Verification of RNA-seq results by examination of cell cycle and axon guidance markers
To confirm the RNA-seq results, 10 randomly selected cell cycle and axon guidance associated genes were verified by qRT-PCR (Fig. 7A, B). The results showed that the expression levels of cell cycle-associated genes were significantly higher (Fig. 7A), while the expression levels of axon guidance-associated genes were significantly lower (Fig. 7B), in the PAB group compared to the sham group. These results suggest that cell cycle was promoted and axon guidance was inhibited during postnatal alveolar development due to pulmonary hypoperfusion.
Ki67, a cell cycle marker, was selected to confirm the RNA-seq results. As shown in Fig. 8A and B, the proportion of Ki67-positve cells was significantly increased in PAB group than in the sham group, indicating over-activated cell cycle because of pulmonary hypoperfusion. In contrast, the axon guidance markers SEMA3A and Nrp1 were lower in the PAB group than in the sham group (Fig. 8C–E), indicating inhibition of axon guidance caused by pulmonary hypoperfusion. To visualize semaphorin distribution and axon trajectories, we performed SEMA7a immunofluorescence staining, which showed that SEMA7a was located at bronchioles and downregulated under pulmonary hypoperfusion conditions (Fig. 8F, G).

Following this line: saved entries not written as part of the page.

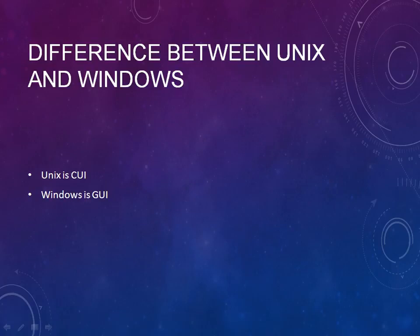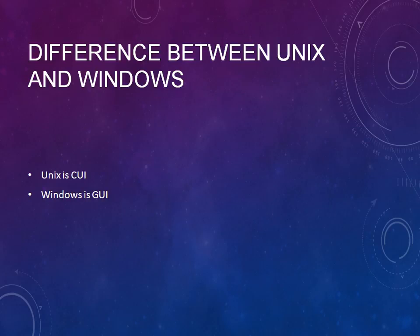Welcome back to the UNIX tutorial. Now we'll see the difference between UNIX and Windows. What is Windows? Windows is a GUI and UNIX is a CUI.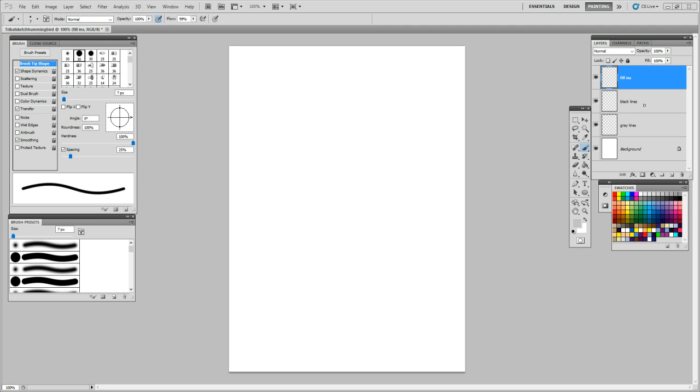Today I'm going to show you the basics of how to draw up a tribal tattoo. I'll do part of a hummingbird for you. We only have 10 minutes, but you'll be able to see some of the metrics.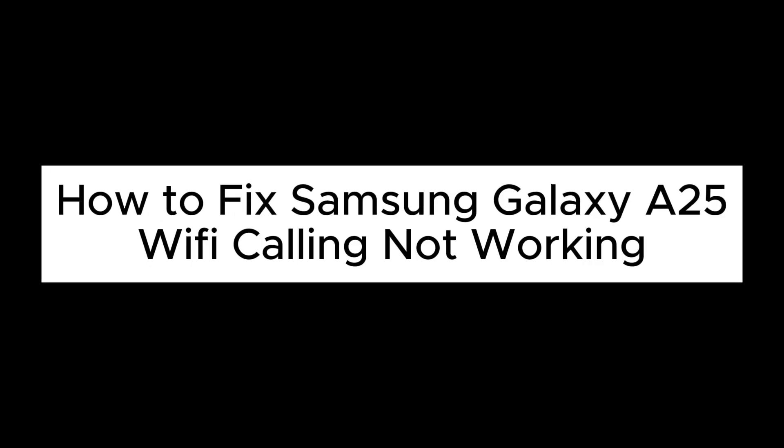Hello everyone, in this video I will show you how to fix Samsung Galaxy A25 Wi-Fi calling not working issue.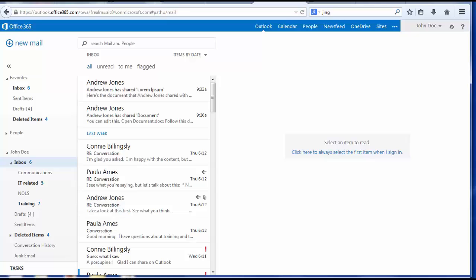This presentation is a tour of Microsoft Office 365 and the Microsoft Outlook web application.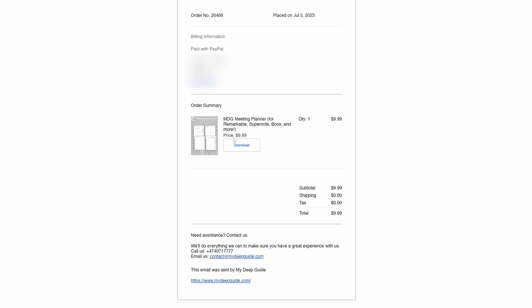Right next to the order summary, to the right of it, you will have a big download button which you click and that will download your product. The download link will be valid for 30 days automatically, and after those 30 days pass, that download link will no longer be valid. You will then need to contact me and request a reissuing of the download email to get a new download link valid for another 30 days.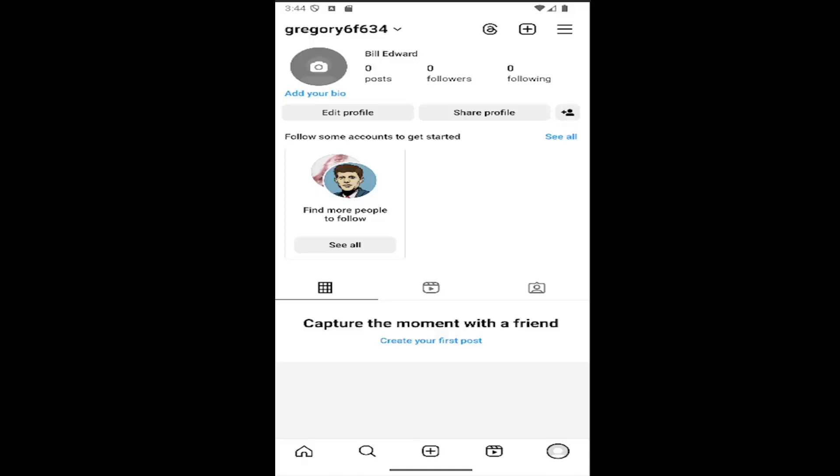All you have to do is open up your Instagram account and select your profile icon in the bottom right corner to open up your profile page. Select the hamburger icon in the top right corner.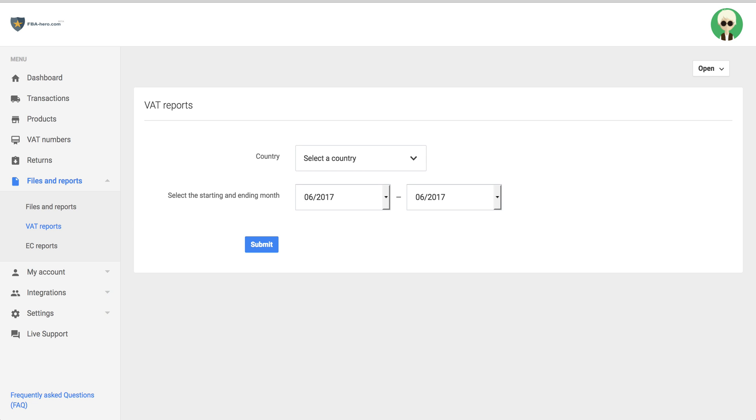I will now show you how to download and use the VAT and EC reports for your own home country's accountant or your own VAT filings.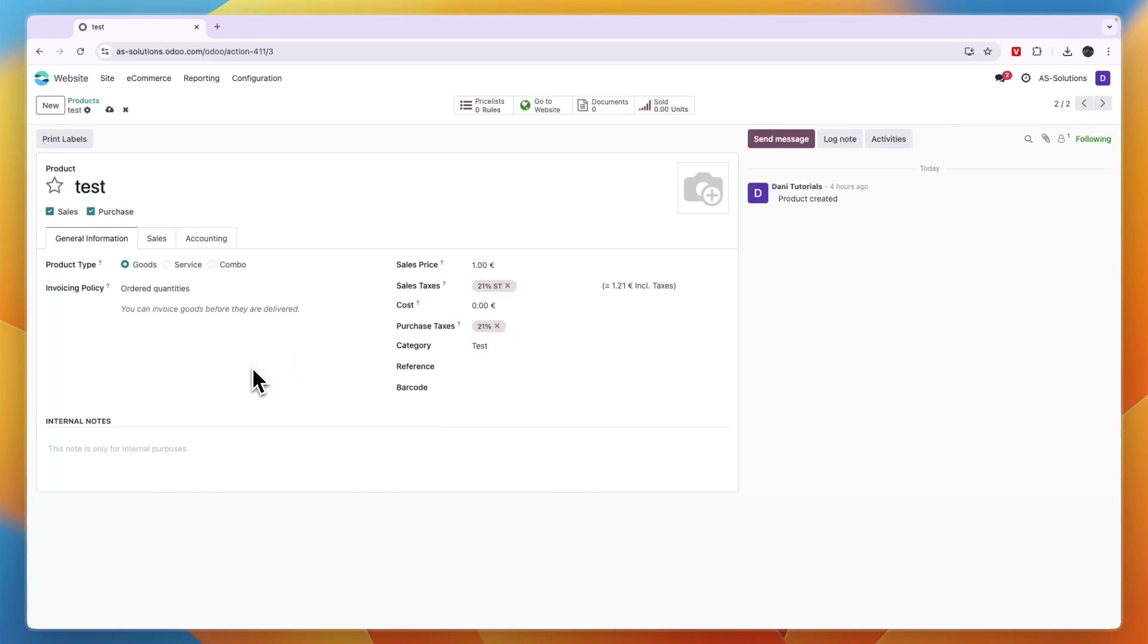So now you know how to create a product category on Odoo. If this video was helpful please consider leaving a like and subscribing to my channel and with that being said I will see you in the next video.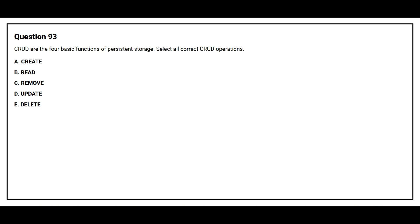Question number 93. CRUD are the four basic functions of persistent storage. Select all correct CRUD operations. Option A: Create. Option B: Read. Option C: Remove. Option D: Update. Option E: Delete.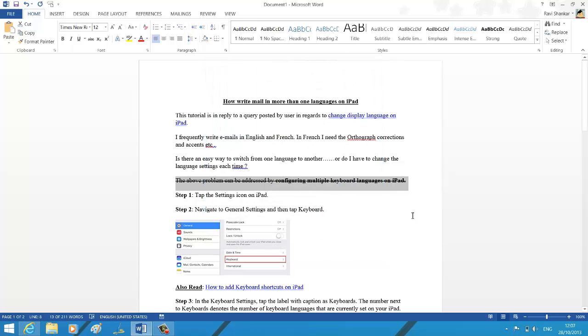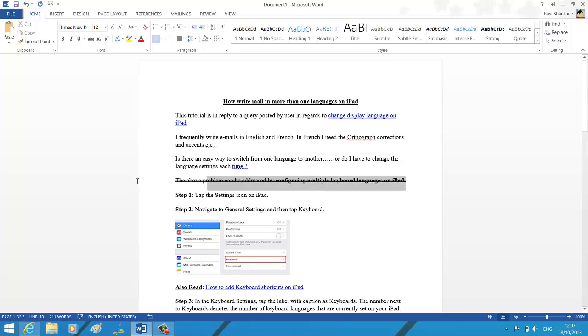Click OK and this should get reflected in the document. Thank you.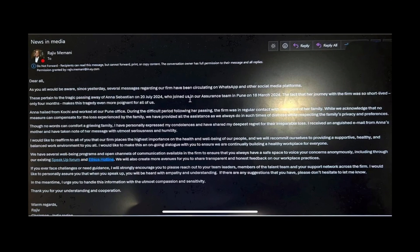I would like to reaffirm to all of you that our firm places the highest importance on the health and well-being of our people and we will recommit ourselves to providing a supportive, healthy, and balanced work environment to you all. I would like to make this an ongoing dialogue with you to ensure we are continually building a healthy workplace for everyone. We have several well-being programs and open channels of communication available in the firm to ensure that you always have a safe space to voice your concerns anonymously, including through our existing Speak Up Forum and Ethics Hotline.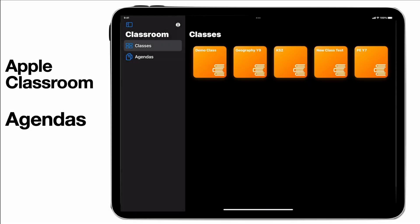Apple has released an update for Apple Classroom and as you'll notice on the screen here, we now have a new tab called Agendas. Agendas is a great way to allow you to organize the flow within your lesson and set activities for students.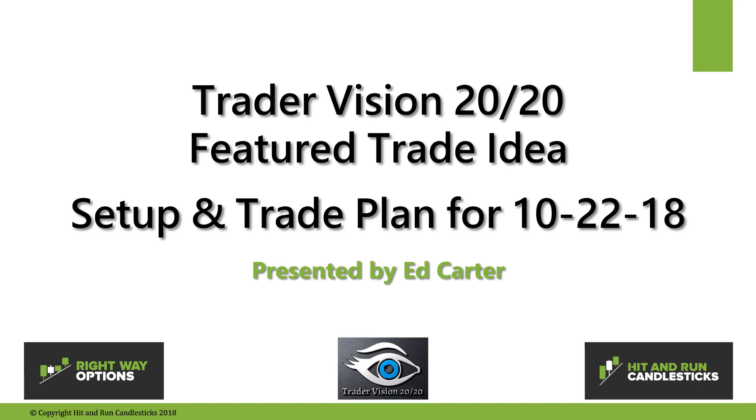Good morning traders. This is Ed Carter with the Trader Vision 2020 featured trade idea. The setup and trade plan for Monday, October 22nd, 2018.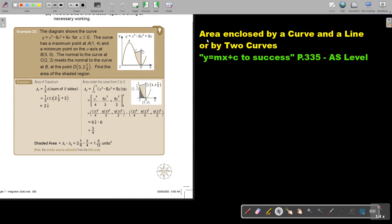In this video, we are going to continue with area enclosed by a curve and a line, or by two curves. You will find this on page 335 in the Namibia AS level mathematics textbook Y equals MX plus C to success.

To assess cell–cell communication, we determined the expression of AT1 cells, a hub of cell–cell communication for postnatal alveolar development [19]. The results showed downregulation of AT1 cells under pulmonary hypoperfusion conditions (Fig. 8H, I).
Furthermore, we observed a significantly higher percentage of TUNEL-positive cells in the PAB group than in the sham group (Fig. 9A, B), suggesting higher apoptosis in the PAB group than the sham group because of pulmonary hypoperfusion.